In this part of your assignment you will develop the base of your code for the week.

Write MRJob classes to find shortest path graph distances, 
as described in the lectures. In addition to finding the distances, 
your code should also output a distance-minimizing path between the source and target.
Work locally for this part of the assignment, and use 
both of the undirected and directed toy networks.

To proof you code's function, run the following jobs

- shortest path in the undirected network from node 1 to node 4
Solution: 1,5,4 

- shortest path in the directed network from node 1 to node 5
Solution: 1,2,4,5

and report your output---make sure it is correct!


In [None]:
!aws s3 cp s3://ucb-mids-mls-networks/undirected_toy.txt .
!head undirected_toy.txt

In [None]:
!aws s3 cp s3://ucb-mids-mls-networks/directed_toy.txt .
!head directed_toy.txt

In [44]:
%%writefile mrjob_sp_hw70.py
from mrjob.job import MRJob
from mrjob.step import MRStep
from mrjob.compat import get_jobconf_value
import sys
import ast

'''
Record Emitted by Mapper/Reducer:
Node <TAB> NULL|Neighbor Dict,Distance,Parent/Child,V|Q|U
'''

class ShortestPath(MRJob):
    def steps(self):
        return [
            MRStep(mapper_init=self.mapper_init,
                   mapper=self.mapper,
                   reducer=self.reducer)
        ]
    
    def val1(self,ngbr,dist,parent,child,state):
        return '{0}|{1}|{2}/{3}|{4}'.format(ngbr,str(dist),parent,child,state)
    
    def val2(self,ngbr,dist,path,state):
        return '{0}|{1}|{2}|{3}'.format(ngbr,str(dist),path,state)
    
    def mapper_init(self):
        self.frontier_node = get_jobconf_value('frontier_node')
        #sys.stderr.write('### Frontier Node: {0}\n'.format(self.frontier_node))

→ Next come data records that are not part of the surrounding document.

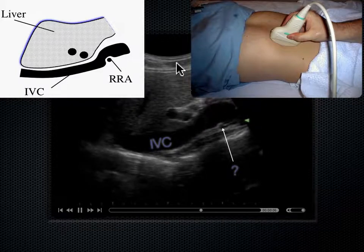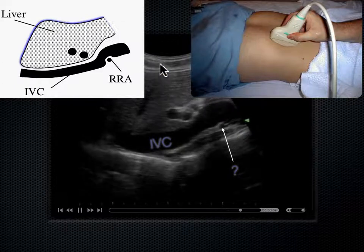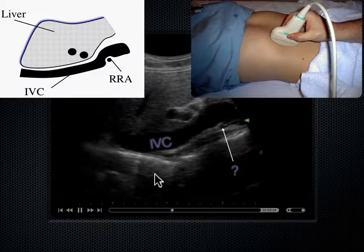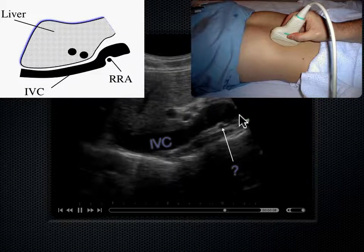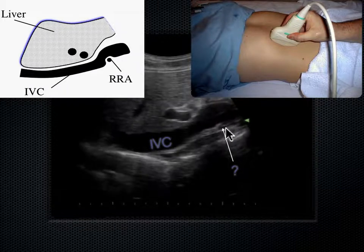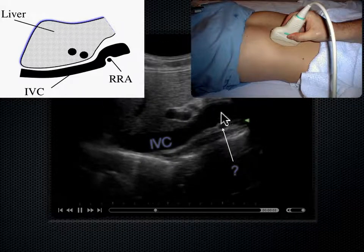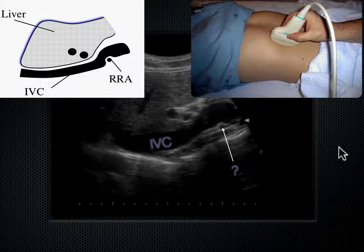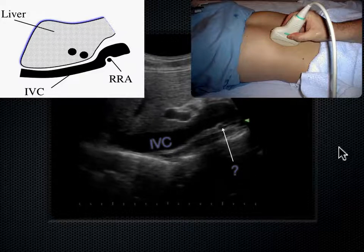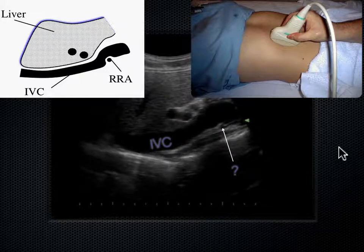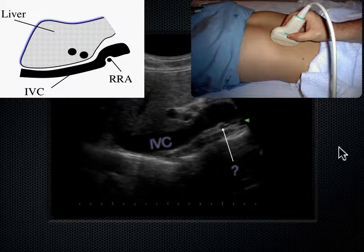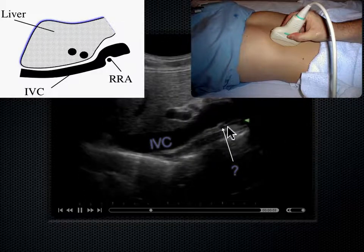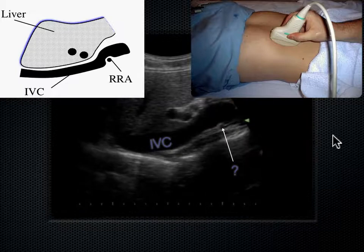With the probe on the skin anteriorly and sound going posteriorly, we can see a vessel lying posterior to the IVC yet perpendicular to it — it appears round, in short axis. That's the right renal artery (RRA). Blood travels from the aorta on the left side of the body over to the right kidney by going behind the IVC. That's a common landmark we see on ultrasound.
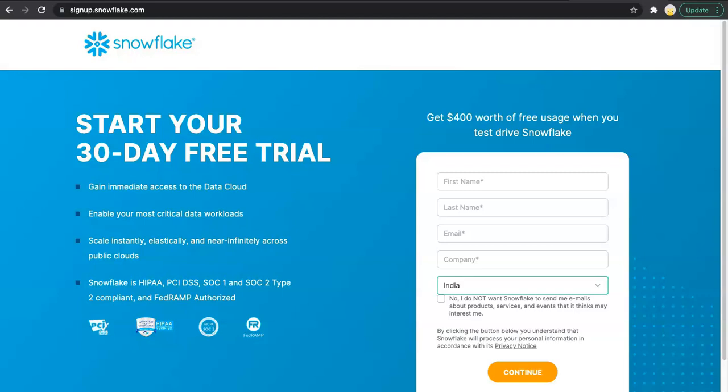In this video, I am going to walk you through how to set up a new Snowflake account. I have been getting requests about how to get started with Snowflake, how to access the account, whether it is chargeable, and how much it charges. I thought let's come up with a video so you all can easily see and understand how to set up a Snowflake free trial account.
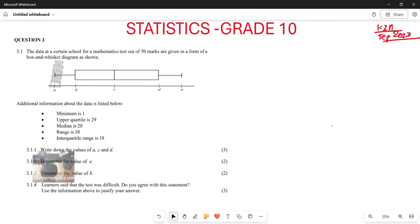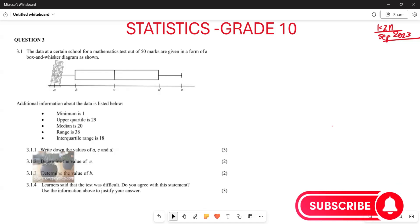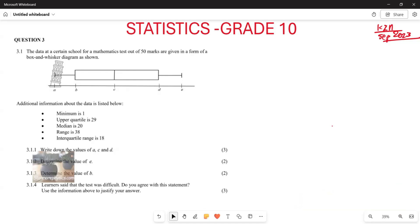They say that the data at a certain school for a mathematics test of 50 marks are given in the form of a box and whisker diagram. Additionally, information about the data is listed below: your minimum value, your upper quartile, your median, your range, and your inter-quartile range, which is also given here.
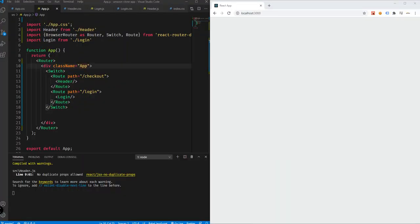Hey, what's going on guys? Welcome back to our YouTube channel and welcome to this video tutorial. This is John from Programming Knowledge and this is part 4 of our video tutorial series on how we can create an e-commerce website using React.js.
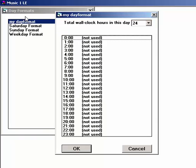When you open a day format, you'll see all it is is 24 slots, one for each hour of the day.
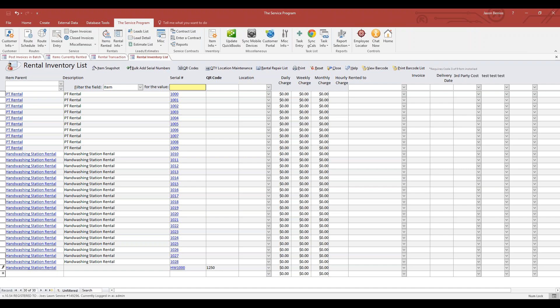So your two options are either make a serial number match the QR code, or add your own serial number and provide the corresponding QR code sticker you want to match with that serial number.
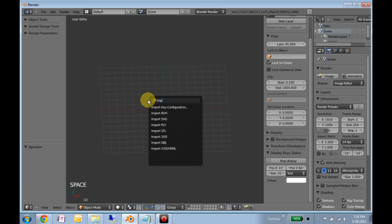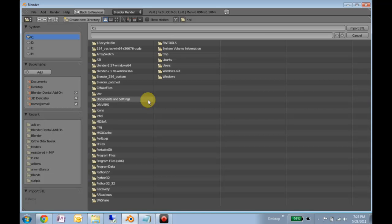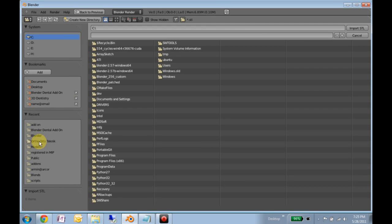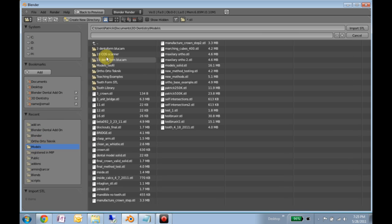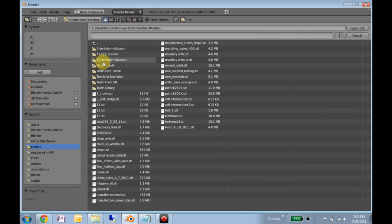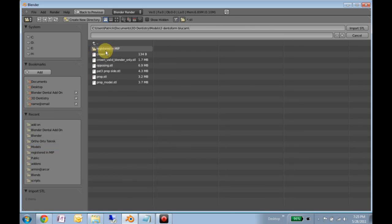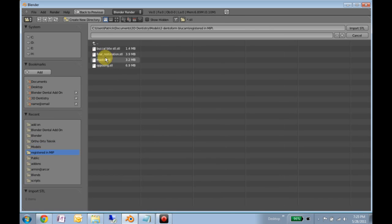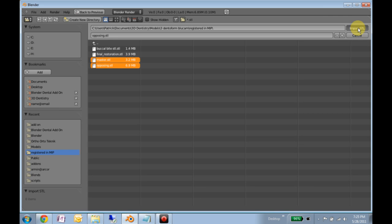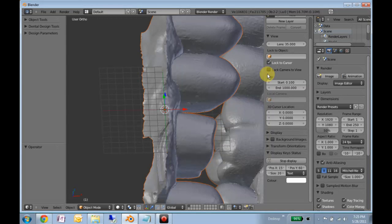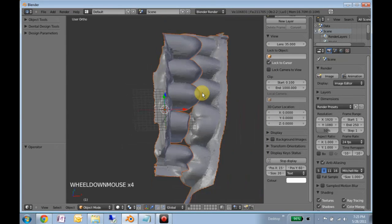So we'll go spacebar, import STL, navigate to where the STLs are. These will be in your Dropbox folder under models, and we will import the STLs. It takes a few minutes, that's nine megabytes. It's got to load it in. It'll be a lot quicker on your computer because you won't be screencasting.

    def mapper(self, _, line):
        line = line.replace("\"","")
        # Passed only to first iteration
        t = line.strip().split('\t')
        node = t[0]
        #sys.stderr.write('[M] {0}\n'.format(line))
        if self.frontier_node:
            neighbors = ast.literal_eval(t[1])    
            if node == self.frontier_node:
                # Mark Node as Visited
                yield node, self.val1(neighbors,0,node,node,'V')
                
                # Open/Emit Frontiers
                for k,v in neighbors.iteritems():
                    self.increment_counter('graph', 'frontiers', amount=1)
                    yield k, self.val1('NULL',v,node,k,'Q')
            else:
                # Rest Passthrough
                yield node, self.val1(neighbors,sys.maxint,'NULL','NULL','U')
        else:
            t1 = t[1].split("|")
            neighbors = {}
            if t1[0] != 'NULL':
                neighbors = ast.literal_eval(t1[0])
            dist = t1[1]
            path = t1[2]
            status = t1[3]
            if status == 'Q':
                # Mark Node as Visited
                yield node, self.val2(neighbors,dist,path,'V')
                
                # Open/Emit Frontiers
                for k,v in neighbors.iteritems():
                    self.increment_counter('graph', 'frontiers', amount=1)
                    yield k, self.val1('NULL', int(dist) + int(v), path, k,'Q')
            else:
                yield t[0], t[1] # Passthrough (Rest)
            
    def combiner(self, key, counts):
        pass

    def reducer(self, key, values):
        vList = [value for value in values]
        
        if len(vList) == 1:
            yield key, vList[0]
        else:
            min_dist = sys.maxint
            neighbors = None
            dist = None
            path = None
            status = None
            
            for value in vList:
                #sys.stderr.write('[R] {0} : {1}\n'.format(key,value))
                t = value.split("|")

                # Eliminate processing nodes which are already visited
                if t[3] == 'V':
                    neighbors = ast.literal_eval(t[0])
                    dist = t[1]
                    path = t[2]
                    status = t[3]
                
                if t[3] == 'Q':
                    # Take the shortest path
                    if dist < min_dist:
                        dist = t[1]
                        path = t[2]
                        status = t[3]
                        min_dist = dist
                        
                if t[3] == 'U':
                    neighbors = ast.literal_eval(t[0])
                    
        
            yield key, self.val2(neighbors,dist,path,status)    
            
    
if __name__ == '__main__':
    ShortestPath.run()

Overwriting mrjob_sp_hw70.py


In [45]:
!chmod a+x mrjob_sp_hw70.py

In [46]:
%reload_ext autoreload
%autoreload 2
from mrjob_sp_hw70 import ShortestPath

files = ['undirected_toy.txt', 'directed_toy.txt']

for input_file in files:
    print '\n@@@@@ SHORTEST PATH ANALYSIS FOR: {0}\n'.format(input_file)
    frontiers = 1
    cnt = 0
    while frontiers and frontiers > 0:
        print "iteration: " + str(cnt+1) + ":"

        mr_job = None
        if cnt == 0: # First Iteration
            mr_job = ShortestPath(args=[input_file,
                                '--jobconf', 'frontier_node=1',
                                '--no-strict-protocol'])
        else:
            mr_job = ShortestPath(args=[input_file + '1',
                                '--no-strict-protocol'])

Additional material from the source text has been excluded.